Recorded data —
=== Begin Enclosure ===

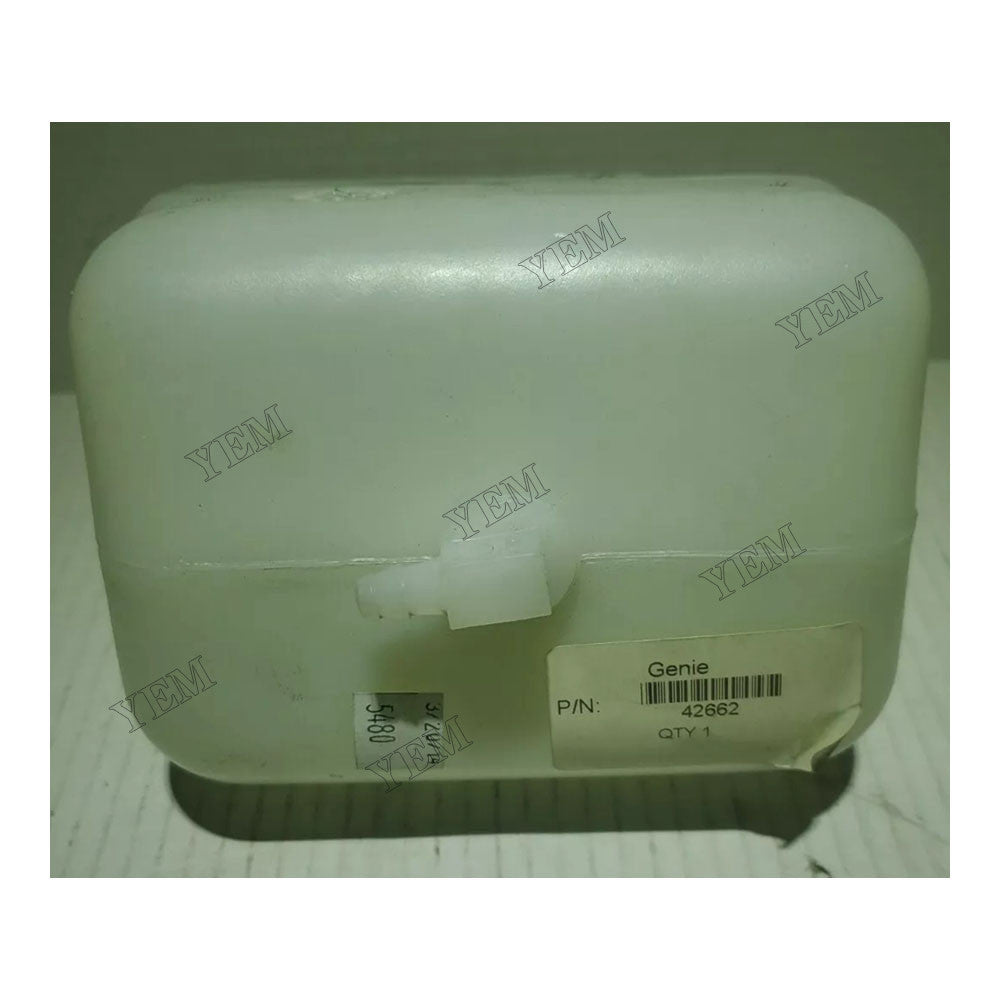 For Kubota Engine DF750 DF752 Genie Boom Lift Z-34/22 Z-45/25 S-40 XC 1.5 QT Coolant Recovery Bottle 42662GT For Kubota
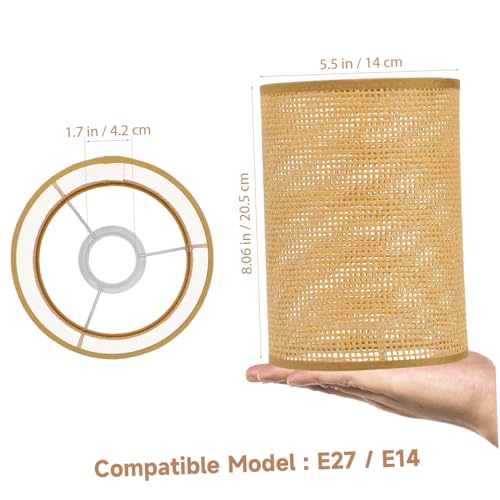 Toddmomy Rattan Lampenschirm für Stehlampe Boho Stil Geflochtene Tischleuchte Lampenabdeckung mit Natürlichem Material für Wohnzimmer Schlafzimmer Flur Toddmomy Rattan Lampenschirm für Stehlampe Boho Stil Geflochtene Tischleuchte Lampenabdeckung mit Natürlichem Material für Wohnzimmer Schlafzimmer Flur von Toddmomy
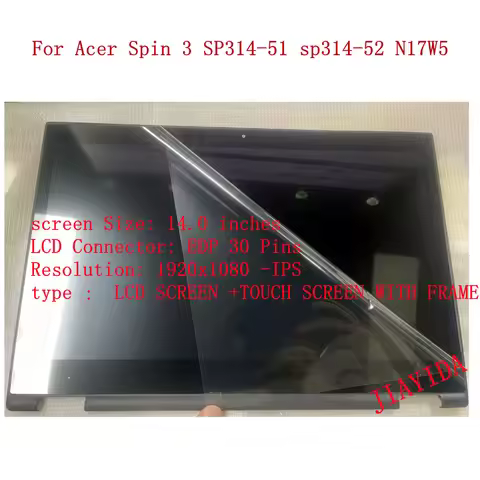 With Frame FHD For Acer Spin 3 SP314-51 sp314-52 N17W5 notebook Touch Digitizer+ LCD LED Screen Matr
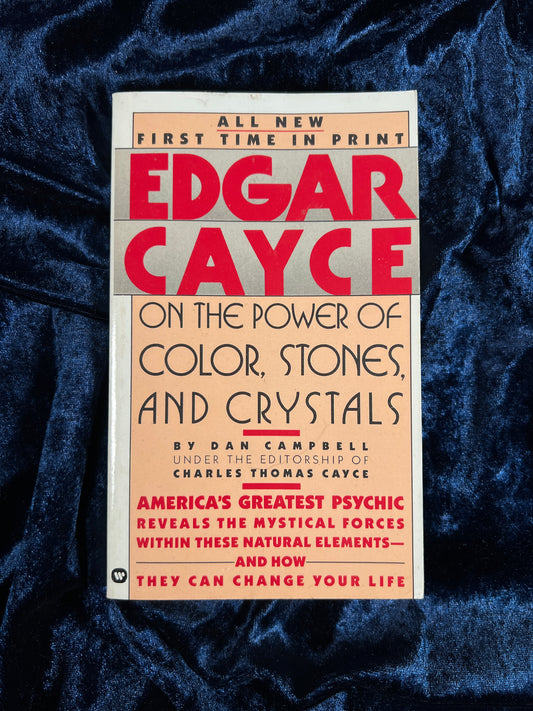 Vintage 1989 Metaphysical Book – Edgar Cayce on the Power of Color Stones and Crystals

=== End Enclosure ===

What you need to do —
In your output, include only the lines from the line containing "With Frame FHD" through the last line of the material above, exactly as they appear, and leave out the pictures.

Written response —
 With Frame FHD For Acer Spin 3 SP314-51 sp314-52 N17W5 notebook Touch Digitizer+ LCD LED Screen Matr
 Vintage 1989 Metaphysical Book – Edgar Cayce on the Power of Color Stones and Crystals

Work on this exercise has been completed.